Tajuddin mengungkapkan bahwa proses periwayatan hadis tidak mungkin kosong akan makna. Apalagi bagi kaum sufi, ketika mendapatkan hadis, mereka tidak sekadar transmisi matan, namun juga memuat pengalaman keagamaannya (religious experiences). Hal ini yang menarik untuk diungkap lebih detail.

“Saya berangkat dari kitab-kitab yang banyak mengungkap biografi para rawi, lalu saya baca pengalaman keagamaan mereka. Siapa yang dikatakan sufi? Di sini saya mengkonstruksi melalui term-term yang masuk dalam tradisi kesufian. Term seperti al-zuhd, al-qowwam, al-ju’, al-showwam, dan yang lain saya telusuri lebih jauh”, terang ustaz favorit Besongo tersebut.

Penulis buku Jejak Kaum Sufi tersebut menggambarkan perilaku sufi tercermin dalam kitab hadis 9 (kutubut tis’ah). “Perilaku orang-orang seperti ini memengaruhi cara mereka meriwayatkan hadis. Karena hadis-hadis (yang mereka riwayatkan) itu berdasarkan pengalaman hidupnya,” jelas doktor bidang hadis tersebut.

Tajuddin juga mengilustrasikan pengalaman keagamaan dengan tradisi di lingkungan pesantren. “Saat seorang santri mendapatkan pengetahuan dari gurunya, apa yang dia sampaikan kepada murid-muridnya setelah menjadi guru? Pengalaman agama tidak hanya dibawa dalam teks, tapi juga dalam laku, situasi dan pengalaman hidup,” tambahnya.

Tajuddin menemukan perilaku-perilaku perawi sufi yang terdapat dalam kitab mengandung dimensi spiritualitas yang mendalam. Salah satu contoh yang disoroti adalah sikap seorang perawi hadis bernama Zakaria yang terkenal karena tidak pernah keluar sepatah kata kecuali yang ia alami. Ada lagi sufi yang belajar untuk qolilul kalam (sedikit bicara) sampai puluhan tahun.

Tajuddin juga menemukan bahwa sejumlah perawi hadis memiliki karakteristik yang unik, seperti puasa, sedekah tanpa diketahui orang lain, termasuk Uwais al-Qarani yang sama sekali tidak mau diminta hadisnya. Hal ini menunjukkan bahwa pengalaman hidup mereka sangat memengaruhi cara mereka meriwayatkan hadis.

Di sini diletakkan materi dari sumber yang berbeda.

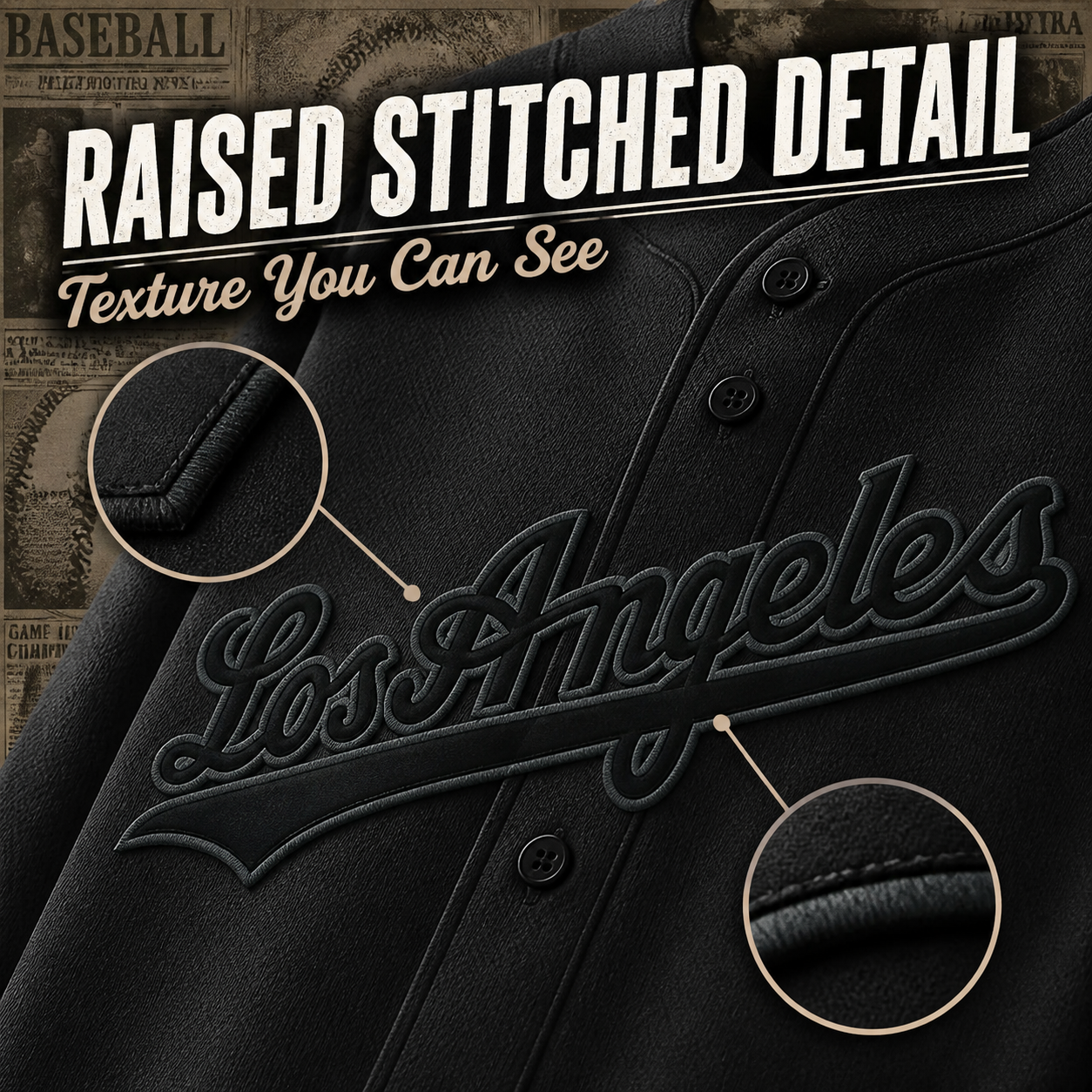 Men's Los Angeles 17 Baseball Jersey From Ballpark Nights To Weekend Streets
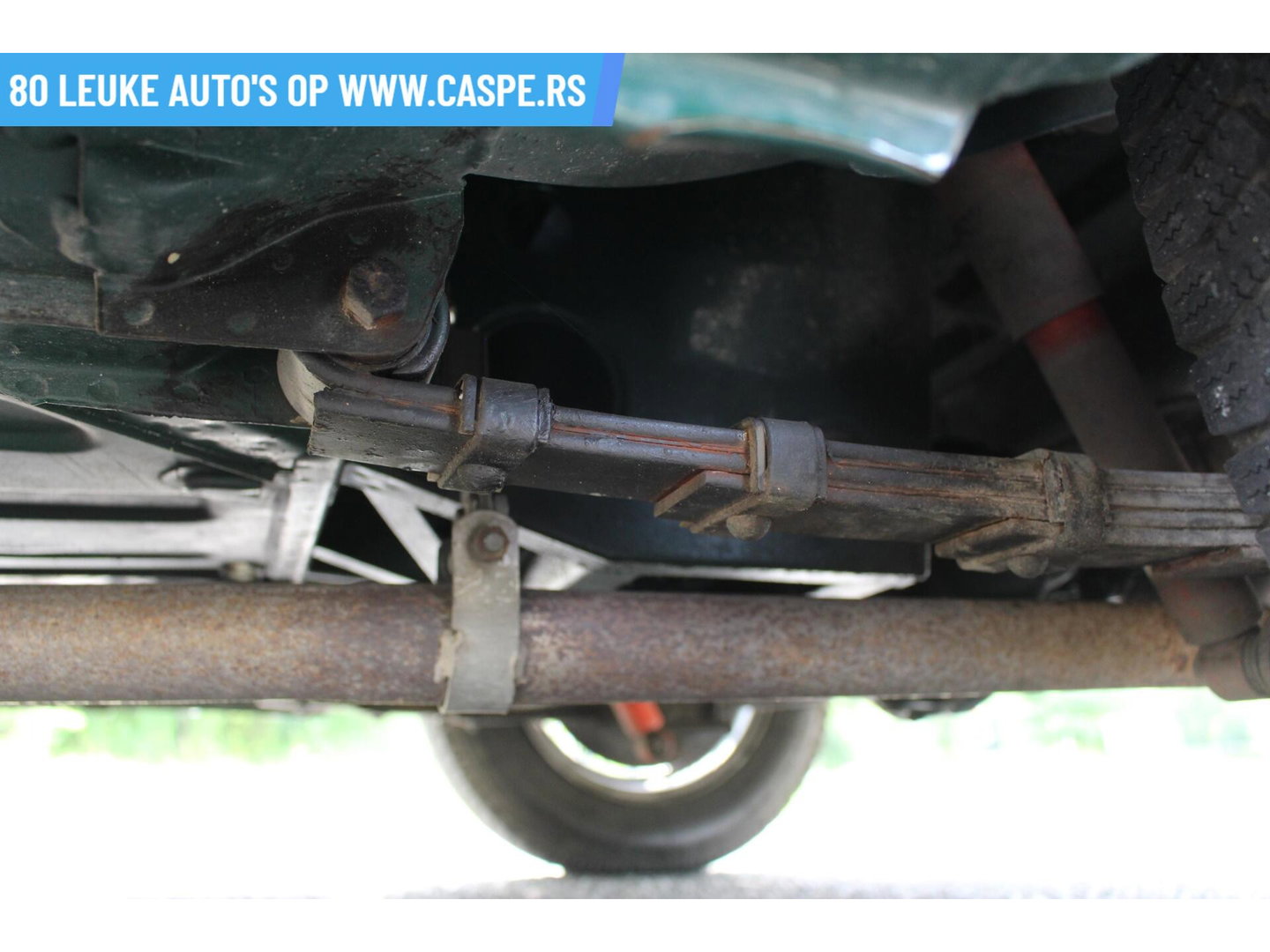 MG B 1.8 Roadster stalen 'uitzonderlijke staat'!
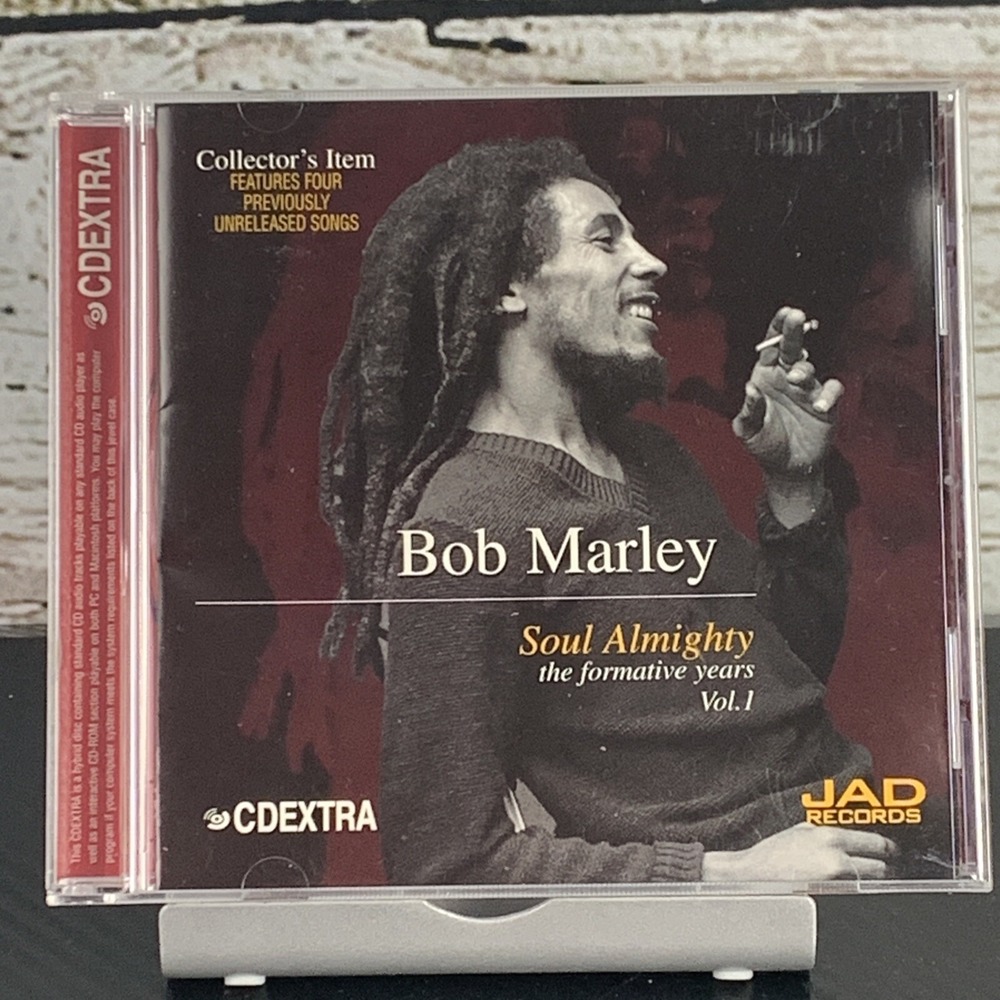 Bob Marley – Soul‎ Almighty - The Formative Years Vol. 1 [CD 1996]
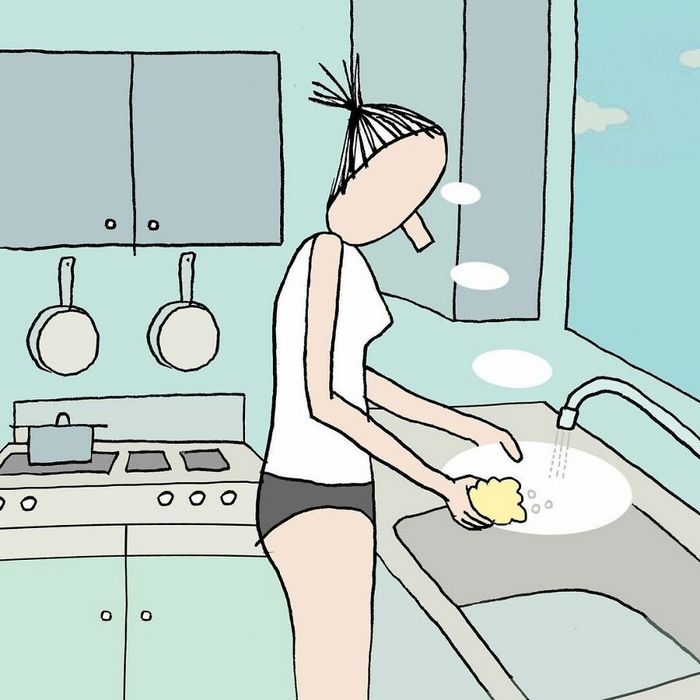 36 ilustrações que tornam as situações mundanas surreais por este artista israelense 28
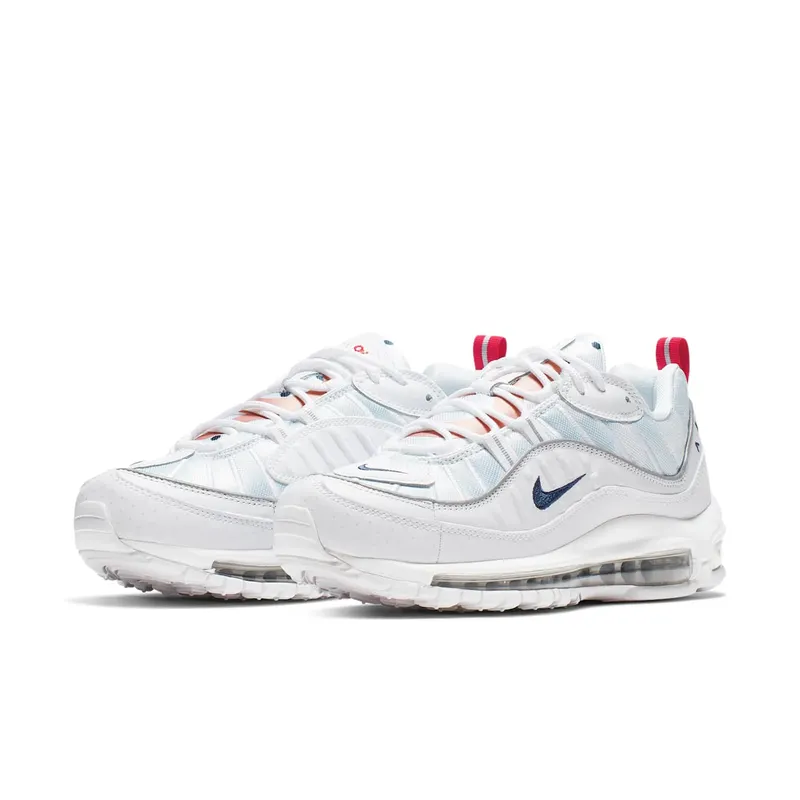 Nike Air Max 98 Unite Totale White (W) White/Midnight Navy (CI9105-100)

“Fenomena ini memang menjadi salah satu tantangan dalam penelitian saya. Tetapi, dari hal ini justru hadis nabi itu syiarnya masih hidup sampai sekarang dan islam bertahan karena ada orang-orang (perawi sufi) seperti itu,” jelas Tajuddin.

Keseimbangan Spiritual dalam Keberagaman

Periwayatan hadis yang ada dalam kaum sufi, pada giliranya memberikan ibrah tentang keseimbangan spiritual. Ahli hadis misalnya yang cenderung kaku diimbangi dengan dimensi spiritual kaum sufi. Hal ini seperti yang diungkapkan Agus Imam Kharomen sebagai pembanding.

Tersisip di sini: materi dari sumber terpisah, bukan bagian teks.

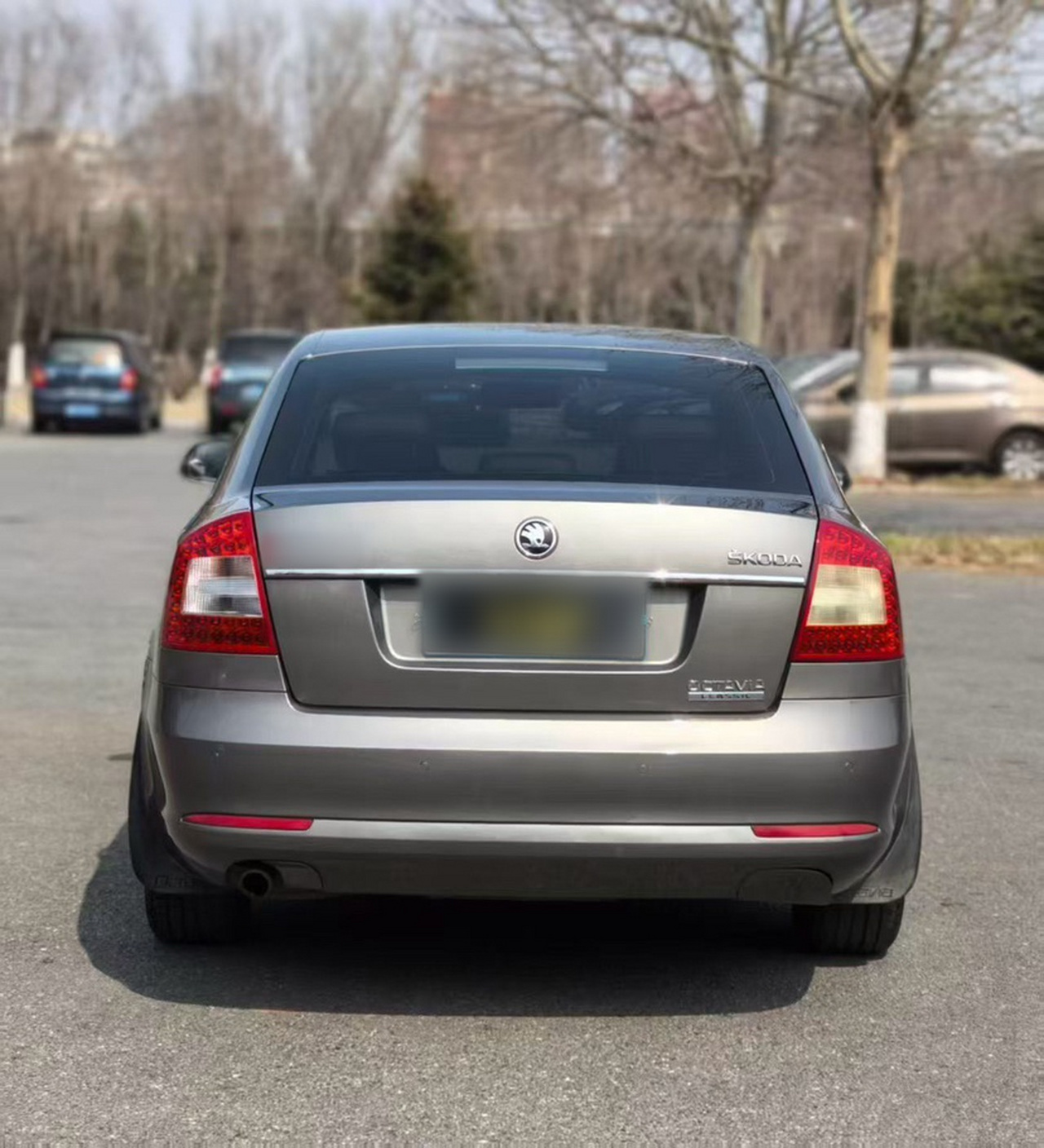 Octavia 2015 Classic 1.6L MT photo 2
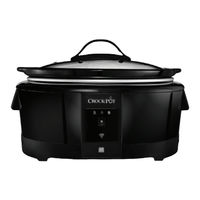 Crock-Pot WeMo CSC020X Notice D'utilisation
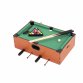 5-in-1 Indoor Games Table Set Football Pool Ping Pong Backgammon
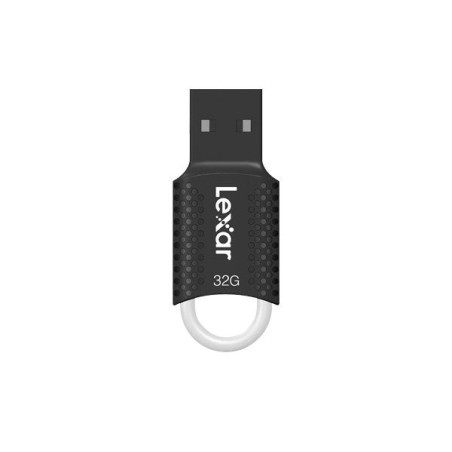 Pendrive lexar jumpdrive v40 32 gb usb tipo a 2.0 negro, blanco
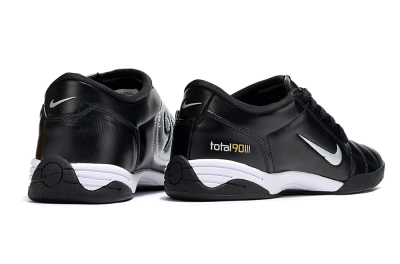 Nike Total 90 III IC Football Shoes - Black/White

“Kalau kita baca buku ini memang akan melihat keseimbangan yang tersajikan dalam transmisi periwayatan hadis. Kaum sufi yang berkontribusi dalam riwayat hadis mengungkap pengalaman keagamaannya, laku hidupnya, menjadi hadis-hadis yang memiliki dimensi spiritual,” papar dosen Ushuluddin UIN Walisongo tersebut.  

Agus Imam Kharomen, selaku pembedah buku, menyampaikan bahwa buku ini memberikan penjelasan yang runtut dan jelas mengenai kontribusi kaum Sufi dalam berbagai aspek keilmuan Islam. Menurut Gus Men (akronim nama Agus Kharomen) stigma laku hidup sufi diangap nyeleneh, tidak perhatian dengan ilmu, dan anti sosial seperti khumul berdampak pada kurang perhatianya pengkaji hadis yang sebenarnya banyak di antara kaum sufi melakukan periwatan hadis Nabi. Padahal para sufi ini sedang mengambarkan pentingnya dimensi spiritual dalam menjalani hidup.

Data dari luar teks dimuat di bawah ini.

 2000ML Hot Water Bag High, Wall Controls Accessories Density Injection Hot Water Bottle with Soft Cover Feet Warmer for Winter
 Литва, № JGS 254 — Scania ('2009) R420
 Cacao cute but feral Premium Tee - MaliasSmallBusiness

“Ada pesan menarik yang dapat kita ambil dalam buku ini. Meskipun mungkin berat kalau dibaca, namun kita akan menemukan bahwa kaum sufi yang meriwayatkan hadis, secara langsung memberikan nasihat melalui hadis-hadis yang mereka sampaikan. Pengalaman keagamaan yang mereka lalui, yang termuat dalam hadis-hadisnya, mengajarkan dimensi spiritual,” terang Gus Men.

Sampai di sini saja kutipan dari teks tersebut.